In the following, the term system shall describe an entity which is part of the aircraft and provides one or more functions to the aircraft (e.g., the flight control system provides the function “attitude control” to the aircraft) and/or to other systems (e.g., energy supply systems). A component, on the other hand, is the smallest system element considered. It is not further decomposed into its parts and owns a certain behavior and performs functions for the system. Subsystems represent intermediate levels of abstraction, being part of a system and being aggregations of components and/or other subsystems. Systems and subsystems do not have proper behavior, instead, their behavior results from the interaction of their components.

3 PSSA

The preliminary system safety assessment process as defined by the Society of Automotive Engineers (SAE) in the Aerospace Recommended Practice (ARP) 4761 [4] is a standardized process for system architecture development and for establishing component safety requirements. The PSSA starts with an aircraft and a system functional hazard assessment (FHA), during which critical aircraft or system conditions are determined, respectively. These conditions are then used as a starting point for deductive analyses, e.g., the fault tree analysis (FTA). The FTA is a qualitative, graphical and deductive analysis, relating a system-wide failure condition with its root causes. This analysis starts at system level with a top-level event (TLE). This event is then successively decomposed by finding its immediate causes and their logical relation. These causes are formulated as failure events. The events and the relations are depicted as boxes and gate symbols in a directed acyclic graph, the fault tree. The two main relations are the AND-gate (all subevents of the gate must occur for the top event of the gate to occur) and the OR-gate (one subevent occurence is sufficient for the top event to occur). The symbols are shown in Fig. 1. Events, which are not further decomposed, are referred to as basic events. They are marked with a circle below the event box. The analysis is terminated if the ends of all branches are basic events.

Fig. 1
figure 1

Fault tree symbols acc. to [3]

A “smallest combination” of these basic events “which, if they all occur, will cause the top event to occur”, is called a Minimum Cut Set (MCS) [3]. They can be obtained from the fault tree via Boolean algebra operations. MCS are used for multiple analyses, both qualitatively and quantitatively [3]. Qualitative analyses comprise

  • Qualitative importances of basic events.

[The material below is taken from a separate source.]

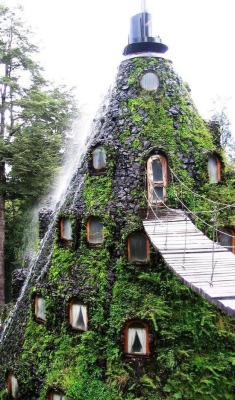 sixpenceee:  Hotel La Montana Magica, Huilo, ChileThe hotel is located in south chile, and made beautifully into the volcanic mountain with the fountain on top of it. (Source)For more posts, visit sixpenceee.com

  • Common cause failure susceptibility.

Quantitative results include

  • Top-level and intermediate event probability calculation.

  • Quantitative importances.

Importances quantify the impact of a basic event or MCS on the top-level event probability. Hence, for system analysis, they help to find system safety “weaknesses” (e.g., the components with largest contribution to system failure events). To obtain a qualitative importance, the order of a MCS can be considered: Lower order MCS (i.e., those having few basic events) typically have a higher impact than higher order MCS, as the MCS probability decreases with every event. Assuming low probabilities, a change in MCS order leads to a change in MCS probability of several orders of magnitude. Quantitatively, the MCS importance can be calculated by dividing the MCS occurence probability by the top-level event probability [3]:

$$\begin{aligned} I_{\mathrm{MCS}}=\frac{P_{\mathrm{MCS}}}{P_{\mathrm{TLE}}}. \end{aligned}$$
(1)

4 Model-based safety assessment approaches

Model-based safety assessment describes methods which use system models to determine system safety properties in a more or less automated way. Lisagor [5] classifies MBSA approaches with regard to two dimensions: The provenance of the system model and the semantics of component dependencies. The latter is classified on a scale between two extremes, the Failure logic modeling (FLM) approach and Failure effects modeling (FEM). They differ in how the components interact with each other.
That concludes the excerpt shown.